Optimizing the chemical industry supply chain with advanced supply chain planning applications is difficult because of the complexities associated with this industry.
Conventional manufacturing (discrete manufacturing) uses bills of materials that specify the parts that go in the final product, assembles the products, and produces lots consisting of distinct units.
Process manufacturing is different. Process manufacturers use formulas and manufacturing recipes. They produce goods in batches or a continuous stream. SCP is based on modeling constraints and key parameters. Chemical industry models are very complex.
In ARC Advisory Group’s new market study on the global supply chain planning market, the chemical industry accounts for over $150 million of the market’s revenue. This is not insignificant. Yet while there are many vendors that have supply chain planning (SCP) solutions, relatively few of them have chemical industry customers. The market leaders in the chemical industry are SAP and AspenTech.
In the supply chain planning market, the chemical industry often seems like an afterthought. Certainly, most of the writing on supply chain planning has a distinctly discrete manufacturing industry flavor to it.
Complex manufacturing is a hallmark of the chemical industry. Typical factories include many tightly interconnected operating units for blending, separating, reacting and packaging of final products.
Tanks are used everywhere, within operating units, between units to balance operations, and for temporarily storing materials, work-in-process, and finished goods inventory. Production planning solutions must reflect a deep understanding of the product and the manufacturing processes to ensure that plans are realistic and support stable product transitions. Planning requires an explicit understanding of the complex, non-linear chemical processes occurring within process units. Complex relationships between raw material variability, operating units and constraints on product changes must still be thoroughly modeled to develop optimal schedules.
Most SCP suppliers can’t begin to produce high fidelity models of process manufacturing plants. And as Roch Gauthier, the Sr. Director of Product Management for the aspenONE Supply Chain Management suite pointed out, “if you can’t model it, you can’t manage it; let alone optimize it.”

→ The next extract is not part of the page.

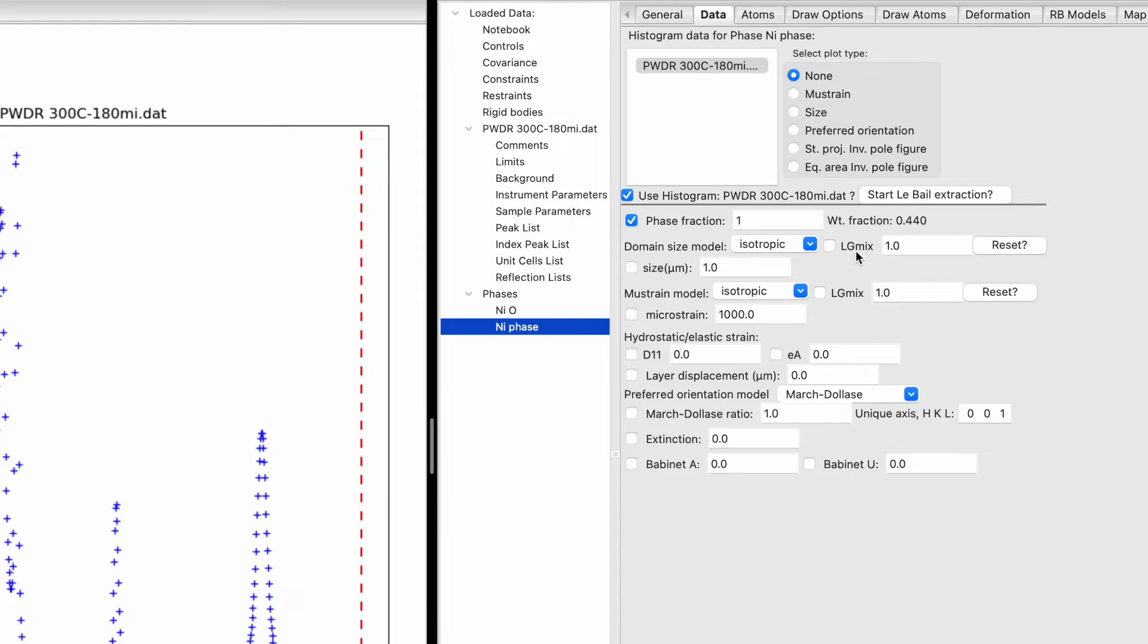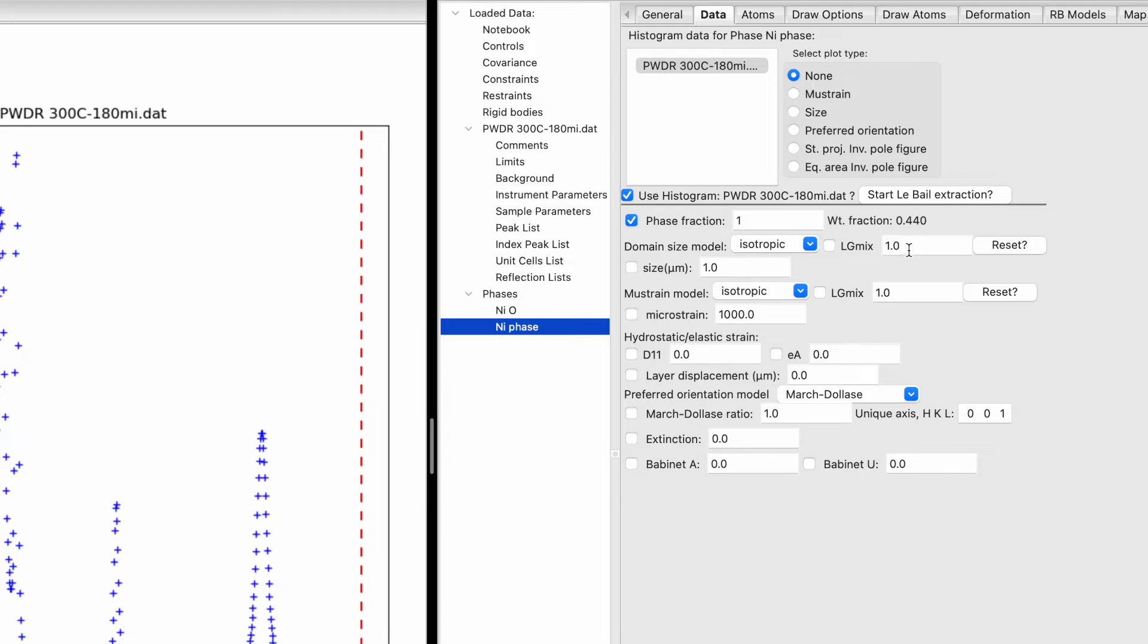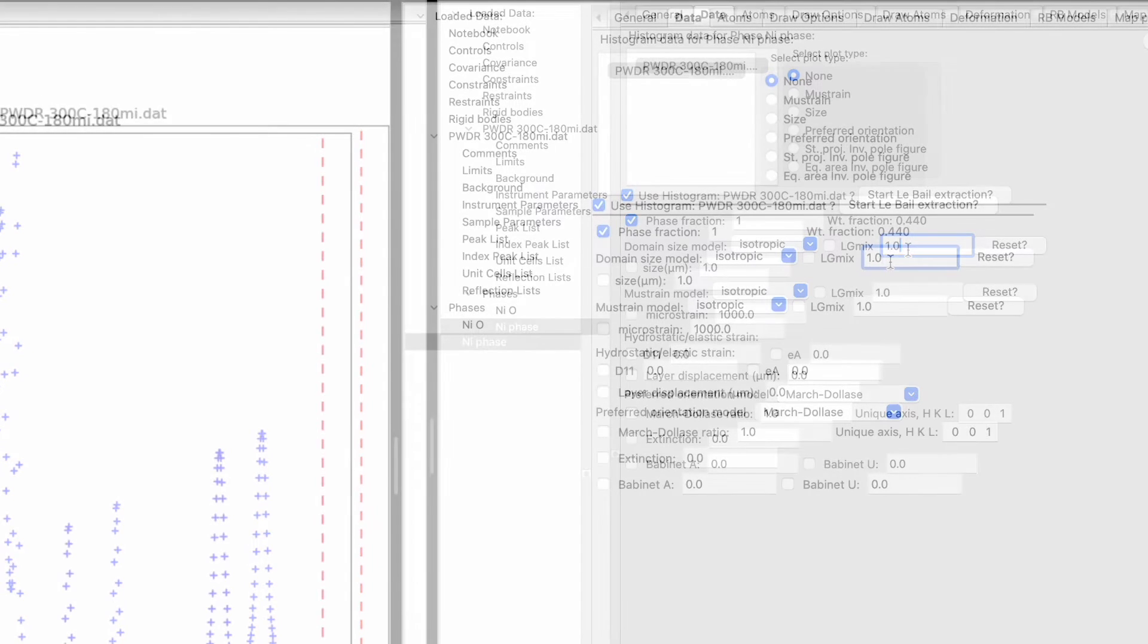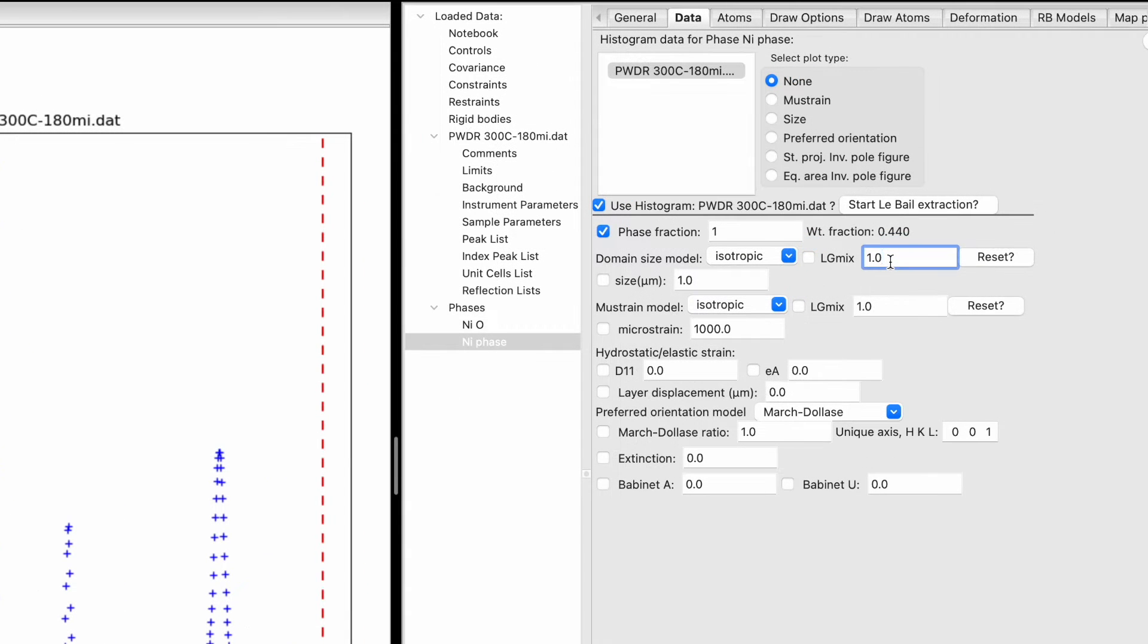The LG mix parameter represents the Lorentzian and Gaussian mix function. Peaks can be a mix of both, purely Lorentzian, or purely Gaussian. This coefficient ranges from 0 (Lorentzian) to 1 (Gaussian). Ensure this value doesn't exceed 1 during refinement.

But in addition to modeling manufacturing, a good supply chain solution needs to also model demand and inventory. This is important because the central process in supply chain management is sales & operations planning (S&OP), which is increasingly being referred to as integrated business planning (IBP).Â IBP balances supply and demand in a manner that optimizes an organization’s key financial goals. Running demand-supply simulations is incredibly clunky and time consuming at best. But it can be all but impossible for complex chemical supply chains unless demand, inventory, and manufacturing parameters and constraints are in one model.
When you talk about a model that contains the incredibly detailed manufacturing constraints – as well as an understanding of demand and bulk transportation and inventory – you can end up with a very big model. How big?
AspenTech’s customer Perstorp, a leading global specialty chemicals manufacturer, has a model that contains 1.5 million variables and 500,000 constraints! Perstorp is evaluating supply/demand scenarios based on marginal contribution impacts. And Steve Oelbrandt, the S&OP Process Manager, and Nils-Petter Nytzen, Global Capacity Manager at Perstorp, tell me this model is still growing! Roughly one third of the company’s 10 production plants in Europe and Asia are currently in the comprehensive model. They went live with this model in the middle of this year. But the goal is to have the whole company in a unified model by August of next year.
The comedian Rodney Dangerfield’s tagline was “I get no respect.” When it comes to supply chain planning, the heavy process industries get no respect. This is despite the fact that these industries’ complexities make them among the most challenging operational problems in the field.